Virginia Utley, my secretary when I edited this paper, has written to Prime Minister and Chancellor, jointly. She asks, ‘Please could you tell me what a family is?’ Nowadays, she goes on, you teach us that a family can be made up of men who love men or women who love women, who must therefore be equally entitled to marry one another. ‘Now,’ she continues, her sister and she ‘both think boys are very nice but neither of us met one we quite liked enough to marry… So my sister and I have bought a house together and have lived happily there for years and years and years.’ So, ‘Please can my sister and I get married?’ If not, the sisters themselves, and Virginia’s sister’s daughter, will not get the benefits which accrue to married people. ‘I am sure,’ she entreats Mr Cameron and Mr Osborne, that ‘you will not say “No” to us when you said “Yes” to all the others… Because that wouldn’t be fair, would it?’

On Sunday night, which was beautiful after rain, we went to Garsington Opera. It is a miraculous place because the estate starts only a few yards from the M40, and is about half an hour from London, and yet bears no trace of either.
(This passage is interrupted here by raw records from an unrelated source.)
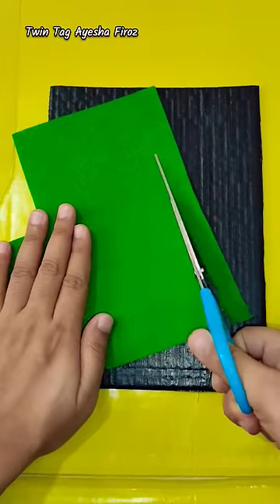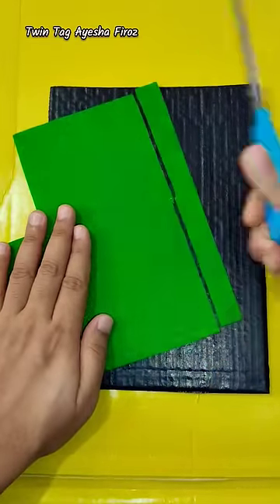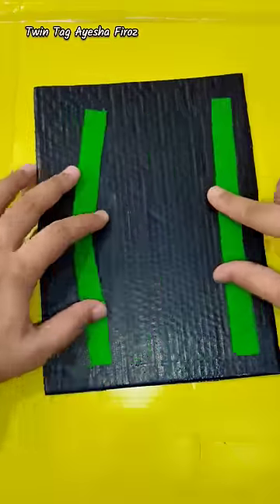I made it from this green color. I cut the strips here. If you don't have a felt sheet, you can stick the paper here instead.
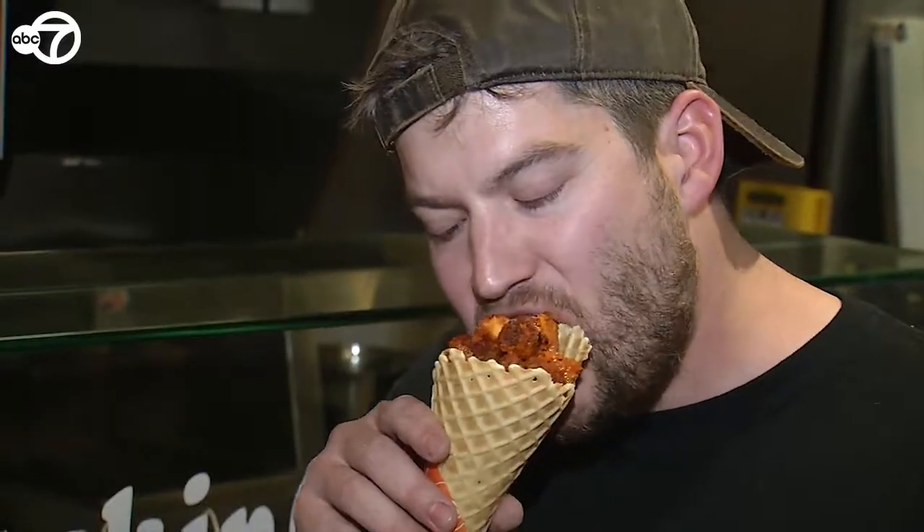A lot of people try to pick the chicken out with their fingers or stab it with a toothpick, which is fine if that's what you're into. But the ideal way is to really just get in there and bite it right out of the cone.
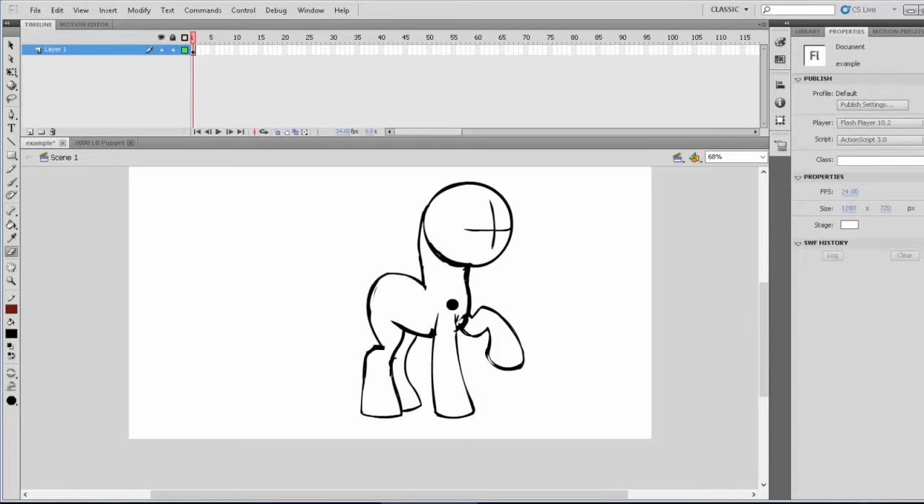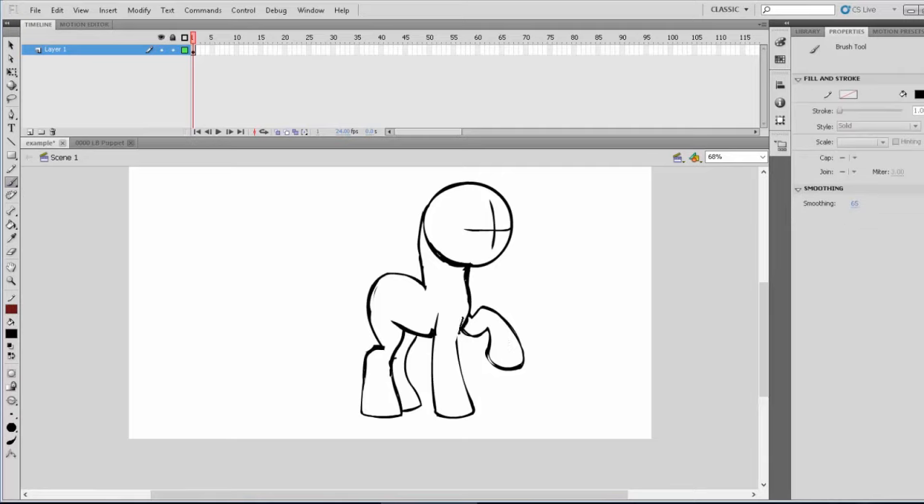And there we go — we basically have the body of the pony here. Just going to make a few more line adjustments. This is just the rough — you're basically getting an idea of what your pony is going to look like, and then you can clean it up later with tools like the line tool and whatnot, which I will show in my puppet. We're going to make it Lightning Bliss, basically. She is about the same as an average pony; her head's just a lot bigger. Now that we have the body down and our legs the way we want them, we can start adding some details.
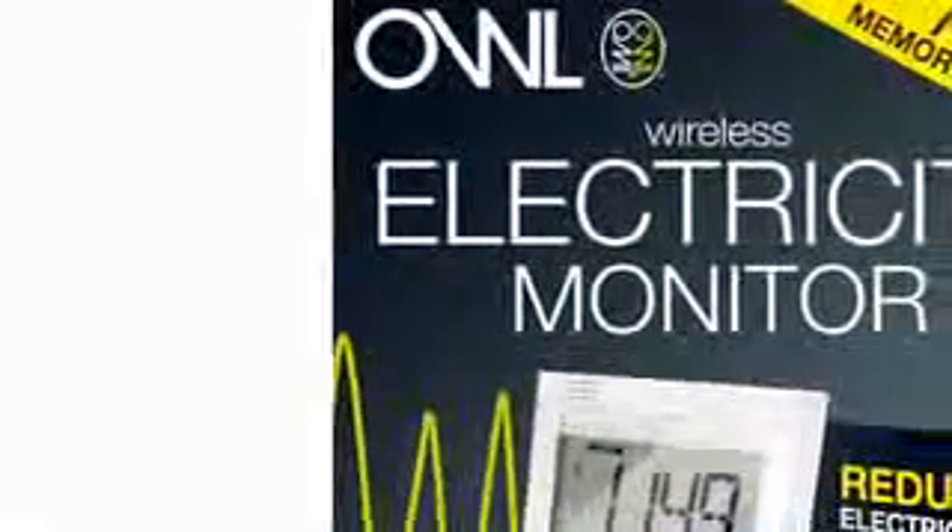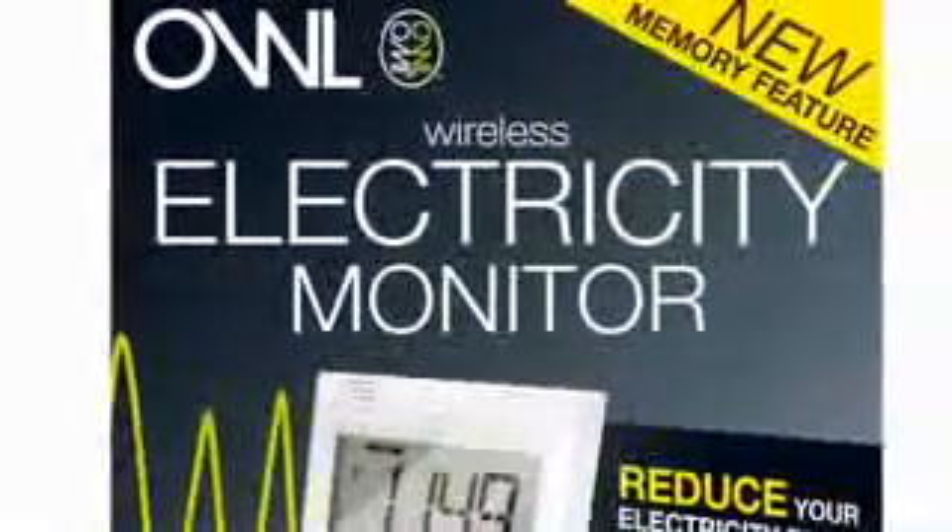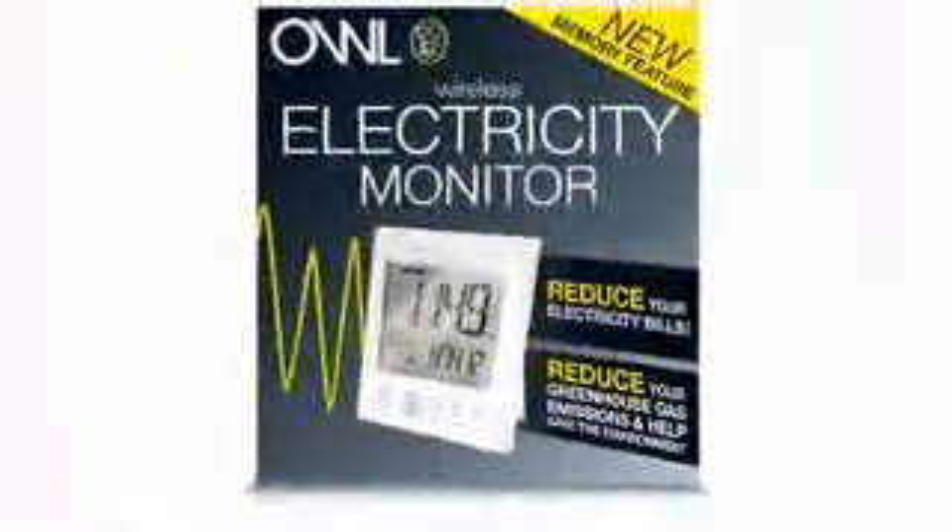Welcome to OWL, your wireless electricity monitor. To begin, unpack the three main components from the box. Please remember to recycle the packaging after use. The three items are a sensor unit, a transmitter unit, and the display unit.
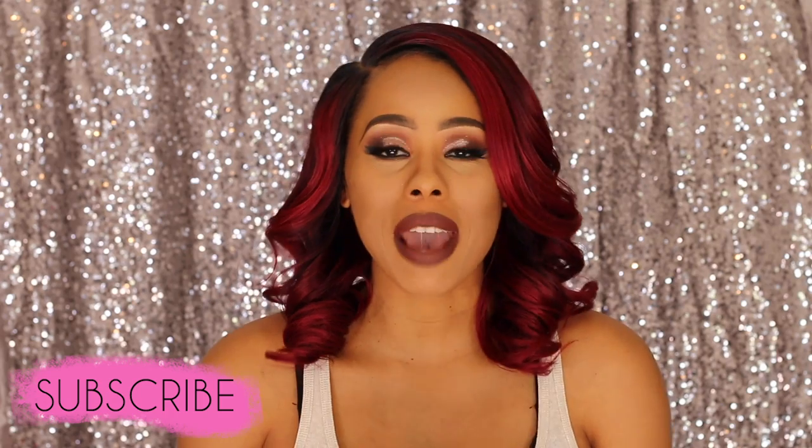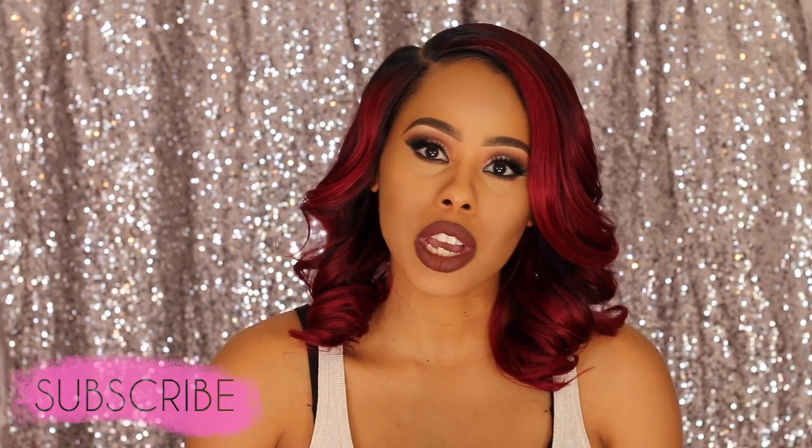Hi guys, welcome back to my channel. It's Judy B here and I'm back with another synthetic wig review.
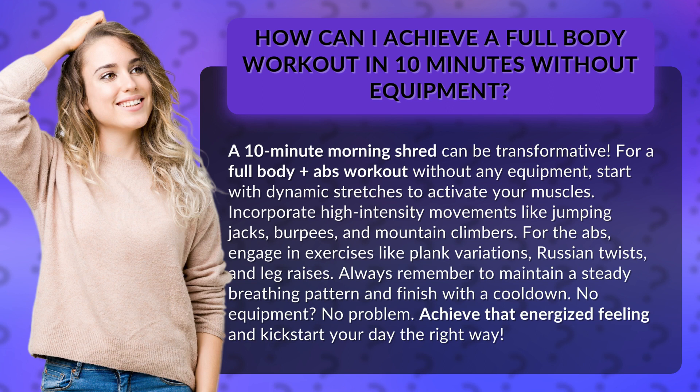Incorporate high-intensity movements like jumping jacks, burpees, and mountain climbers. For the abs, engage in exercises like plank variations, Russian twists, and leg raises.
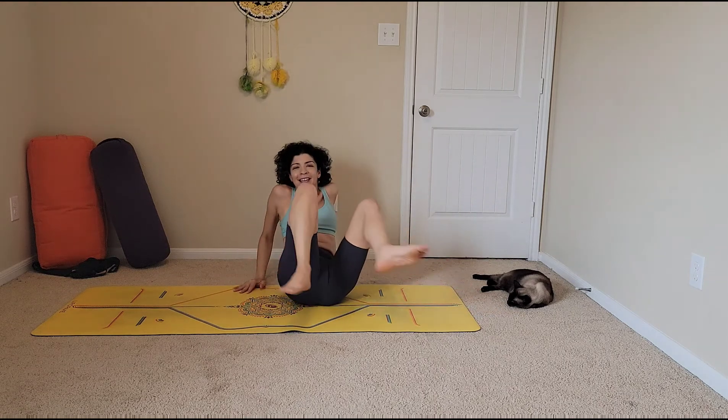Hug your knees into your chest, rock and roll, come up to a seat. You just did about five minutes of really good core work inspired by bugs. Thank you so much for joining me today — I hope you enjoyed and that you have the most beautiful day. Bye!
The opera was Intermezzo by Richard Strauss, which I had never seen or heard before. It is a little tease by Strauss of his hyper-critical wife who found being married to a famous composer trying. But it has the ability — beautifully brought out by Mary Dunleavy as Christine the wife — suddenly to move from light comedy to true feeling and great pathos. Opera can do this so much better than plays. It must be because the mixture of music and words creates a blessed lack of realism, which makes anything possible.

The other day, I asked four thoughtful, indeed brilliant people — one a Fellow of All Souls — what mathematics was. I realised I could describe what you might call its symptoms — algebra, geometry, arithmetic — but I could not identify its nature. Nor, really, could my companions. One said it was ‘a sort of logic’, another that it was ‘a form of language’. But both conceded that these were not adequate answers. Since one must presume that mathematics is central to the nature of the universe, I feel ashamed that I consider myself an educated person and yet do not know the answer.